# Hi from the Philippines



## hankus (Oct 26, 2014)

:sausage:Hi everyone
I'm a newby here so here is a bit about myself. I am retired Canadian, Australian duel citizenship, retired in the paradise of the Philippines.  I operate a wood fired pizzeria in the scuba diving resort of Sabang Poerto Galera.  I smoke bacon which I use on my various pizzas that calls for meat and I smoke for my personal use as well. I use a converted water pressure tank with a charcoal burner in the bottom and use coconut husk to smoke.    I need a bit of help but will post again after I've gone through the threads posted here. :sausage:


----------



## disco (Oct 26, 2014)

Welcome from a fellow Canadian, Hankus.








You will find lots of great info and nice people here. 

The Phillipines must be an interesting place to retire to. I look forward to your posts.

Disco


----------



## so ms smoker (Oct 27, 2014)

Welcome Hankus! Glad to have you with us! Feel free to ask your questions, but don't hesitate to use the search functioin. Lot's of good info there.

    Mike


----------



## welshrarebit (Oct 27, 2014)

There's lots of tropical woods that you can use...
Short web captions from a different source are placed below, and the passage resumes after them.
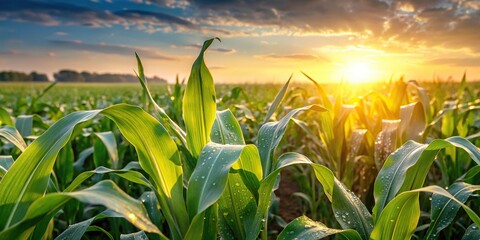agriculture farm sunrise landscape with watered corn field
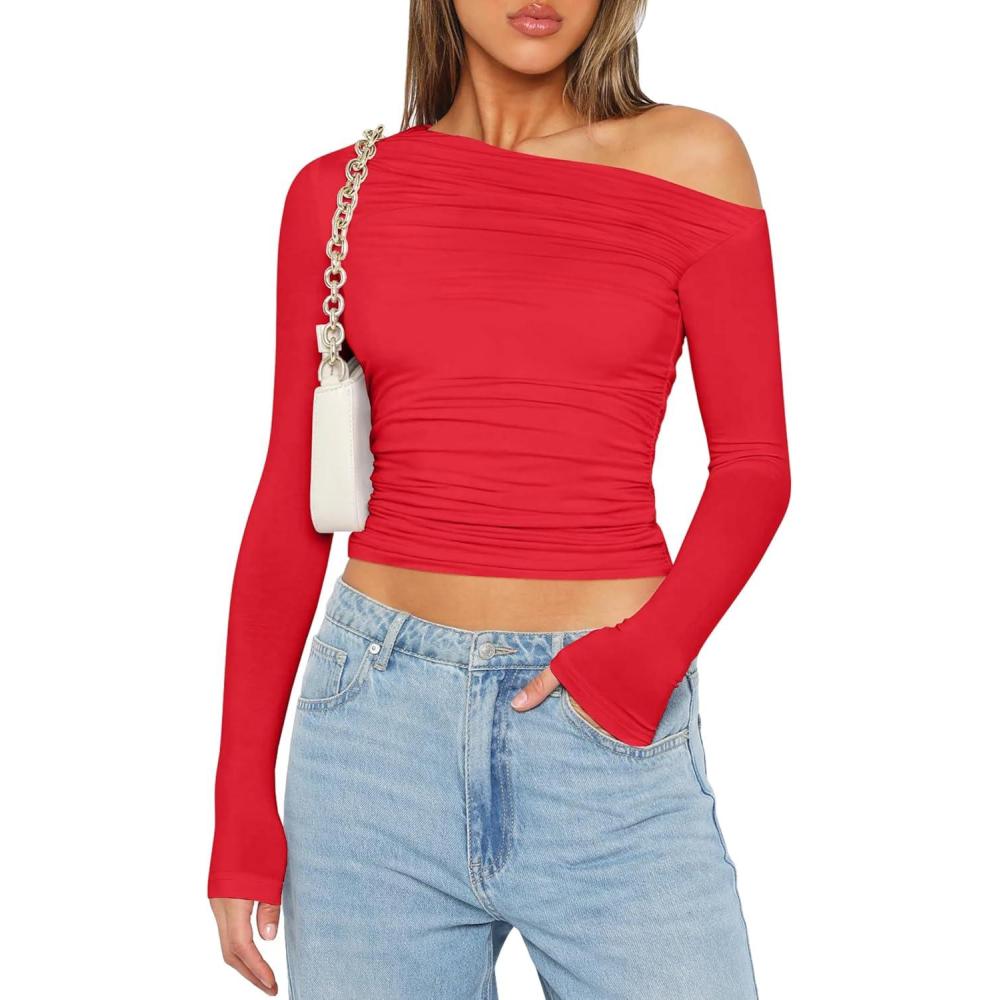 imageZeagoo Womens Long Sleeve Off The Shoulder Casual Crop Tops Boat Neck Going Out Slim Fit Sexy T Shirts 2026Red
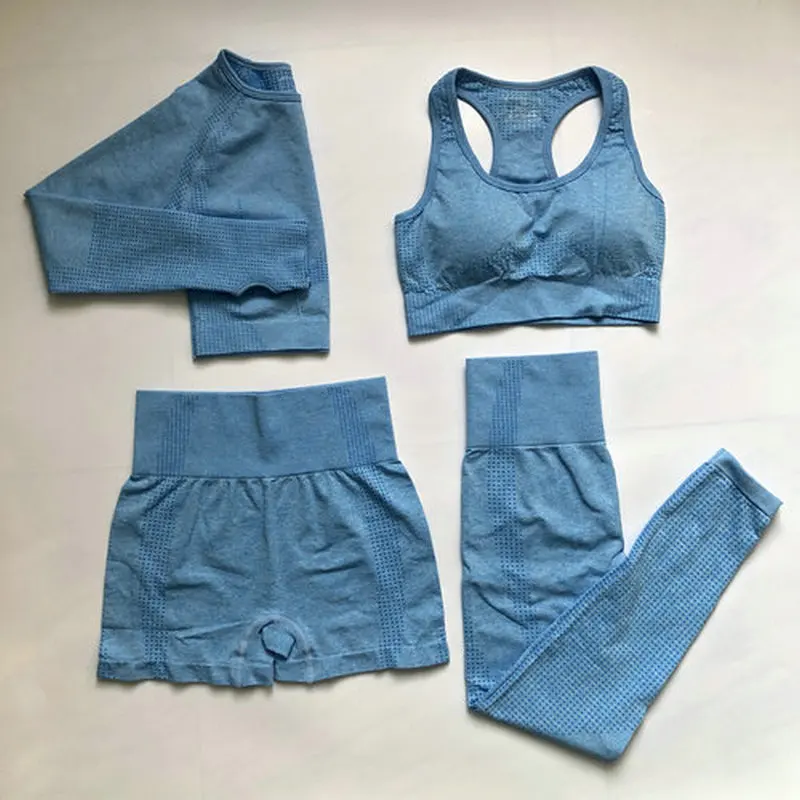 4PCS Sexy Yoga Set Sports Wear For Women Gym Clothing Sports Suit Fitness Long Sleeve Crop Top High Waist Leggings Sports Suits
4PCS Sexy Yoga Set Sports Wear For Women Gym Clothing Sports Suit Fitness Long Sleeve Crop Top High Waist Leggings Sports Suits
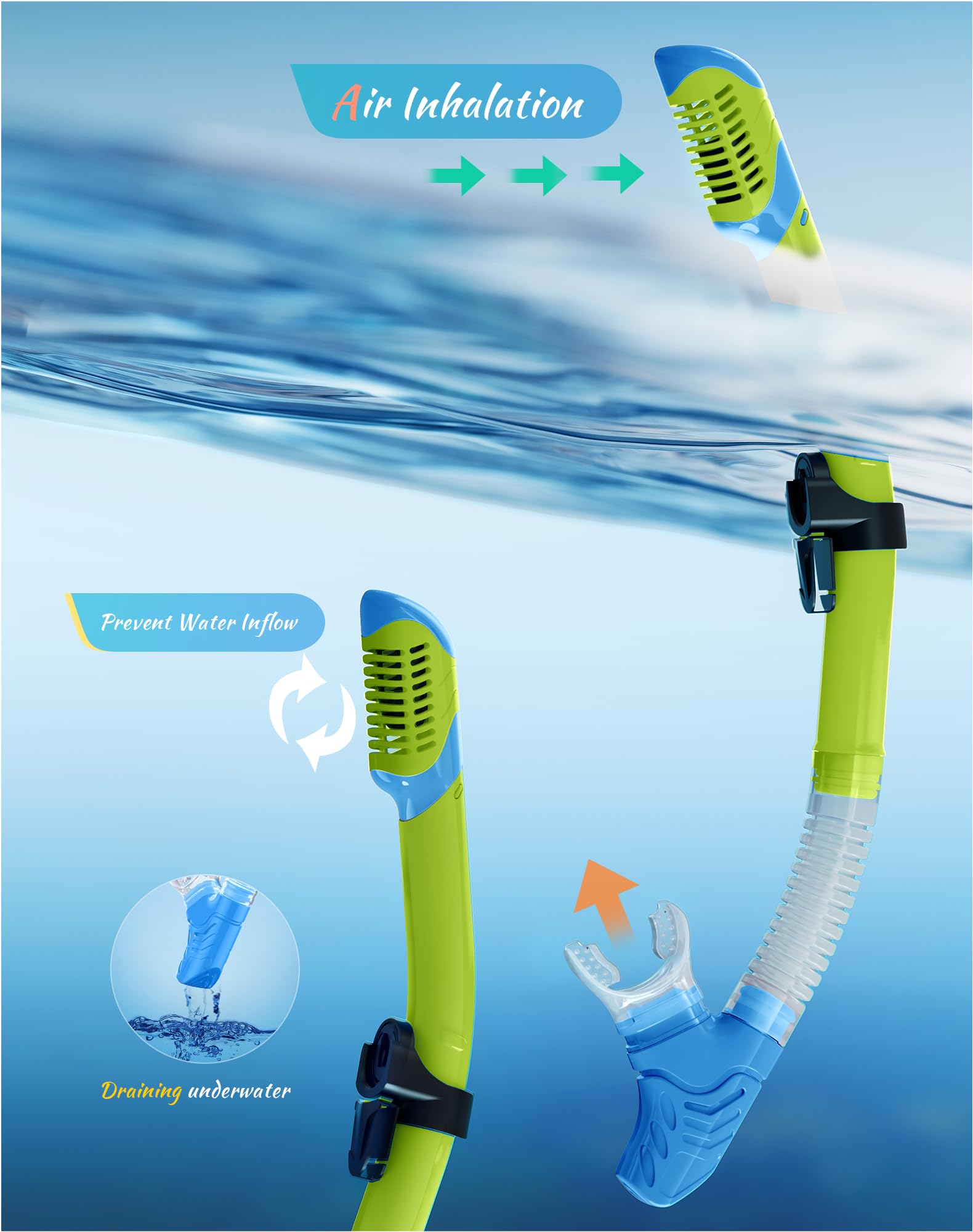Attrezzatura da snorkeling per bambini dai 6 ai 14 anni, maschera da snorkeling panoramica a 180° per bambini che respirano liberamente per lo snorkeling, blu e giallo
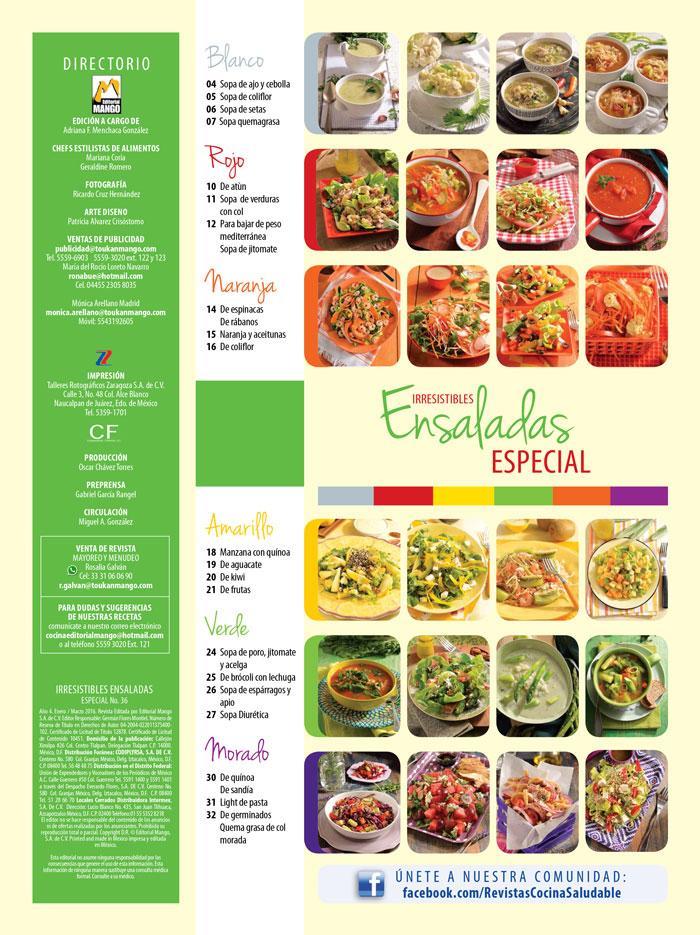 Irresistibles Ensaladas Especial 36 - Sopas y ensaladas quema grasa - Formato Digital - ToukanMango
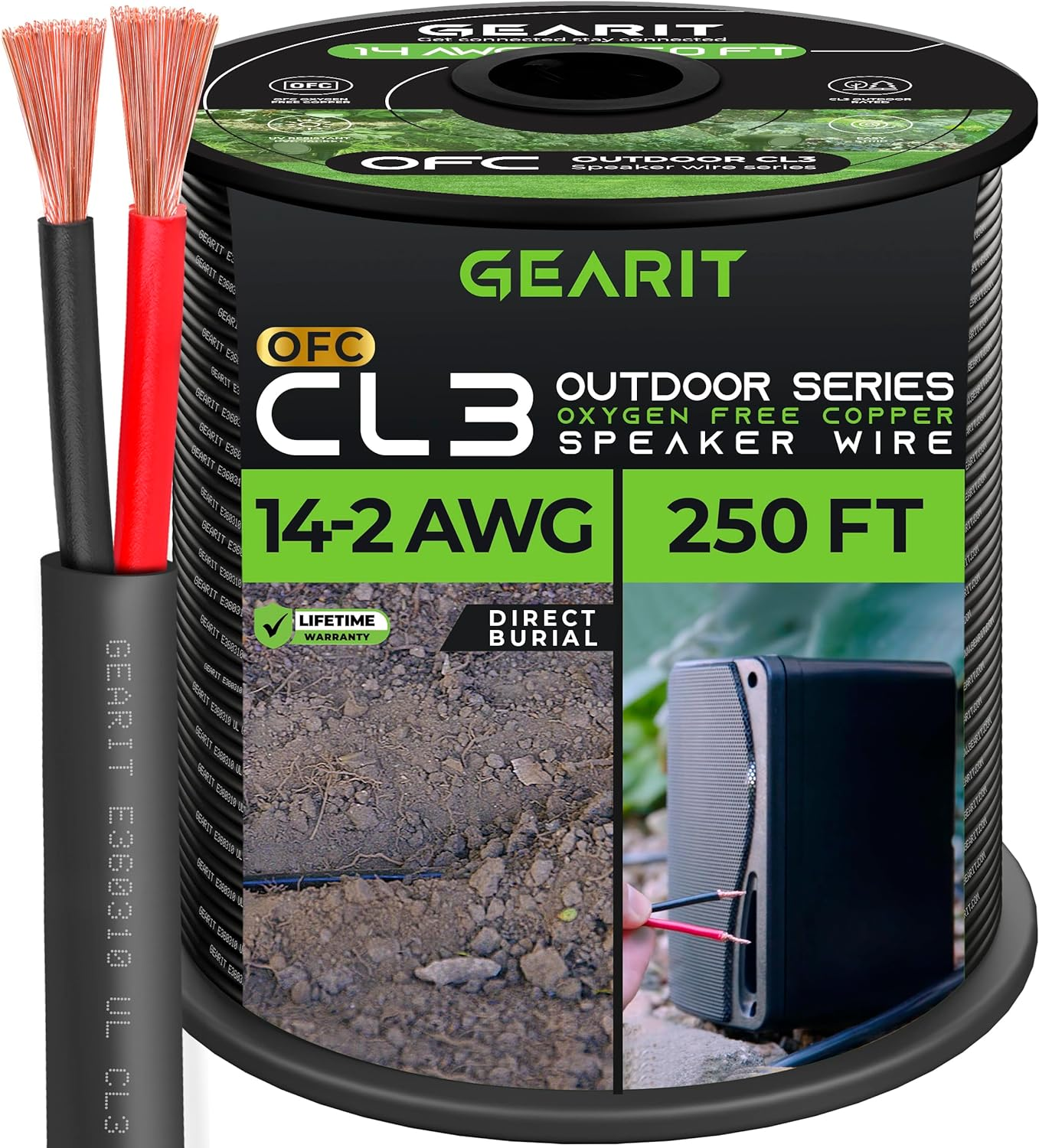 14/2 Speaker Wire (250 Feet) 14AWG Gauge – Outdoor Direct Burial in Ground/In Wall / CL3 CL2 Rated / 2 Conductors – OFC Oxygen-Free Copper, Black 250Ft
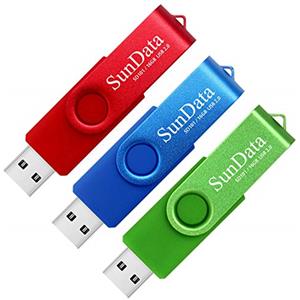 SunData Chiavetta USB 16GB 3 Pezzi PenDrive Girevole USB2.0 Flash Drive Thumb Drive Memoria Stick per Archiviazione Dati con Luce LED (3 colori: Blu Verde Rosso)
Guava, lychee, longon, avocado, mac-nut, coffee, etc...


----------



## hankus (Oct 27, 2014)

hi guys 
Thanks for the posts. unfortunatly in oriental mindoro as in the philippines it is iligal tog cut down trees so I have buy my wood from people who venture out into the hills and forage for fallen trees   Fruit trees around these parts are rare except for mango which again I have to wait for a tree to fall over and when it does we buy the whole tree.  I wish I could source woods that are available in the states or canada.


----------



## moikel (Oct 27, 2014)

Welcome this is a great place to learn all sorts of stuff.
Coconut husk an alternative for smoking woods?


----------



## tropics (Oct 27, 2014)

Hankus Welcome to SMF  My wive and I have a place in Pasay, looking forward to some of your smokes.


----------



## hankus (Oct 27, 2014)

Hi,
Looking forward to seeing you in Sabang sometime. I also make the best wood fired pizzas in puerto Galera. :welcome1:


----------



## themule69 (Oct 27, 2014)

Glad you joined the group. The search bar at the top of any page is your best friend.
About anything you wanna know about smoking/grilling/curing/brining/cutting or slicing
and the list goes on has probably been posted. Remember to post a QVIEW of your smokes.
We are all smoke junkies here and we have to get our fix. If you have questions
Post it and you will probably get 10 replies with 11 different answers. That is
because their are so many different ways to make great Q...
Happy smoken.
David


----------



## gary s (Oct 27, 2014)

*Good morning and welcome to the forum, from a very nice and warm day in East Texas. Lots of great people with tons of                    information on just about  everything *

             *Gary*


----------



## donr (Oct 27, 2014)

Welcome,

I know a few people on the forum smoke with Pistachio shells.  I don't know if they're available in the Philippines or not.  I don't know what other alternatives  there would be.

Don


----------



## paulh1966 (Oct 27, 2014)

Welcome from Paul in Arkansas, hope you enjoy.


----------



## tropics (Oct 27, 2014)

Hankus said:


> hi guys
> Thanks for the posts. unfortunatly in oriental mindoro as in the philippines it is iligal tog cut down trees so I have buy my wood from people who venture out into the hills and forage for fallen trees Fruit trees around these parts are rare except for mango which again I have to wait for a tree to fall over and when it does we buy the whole tree. I wish I could source woods that are available in the states or canada.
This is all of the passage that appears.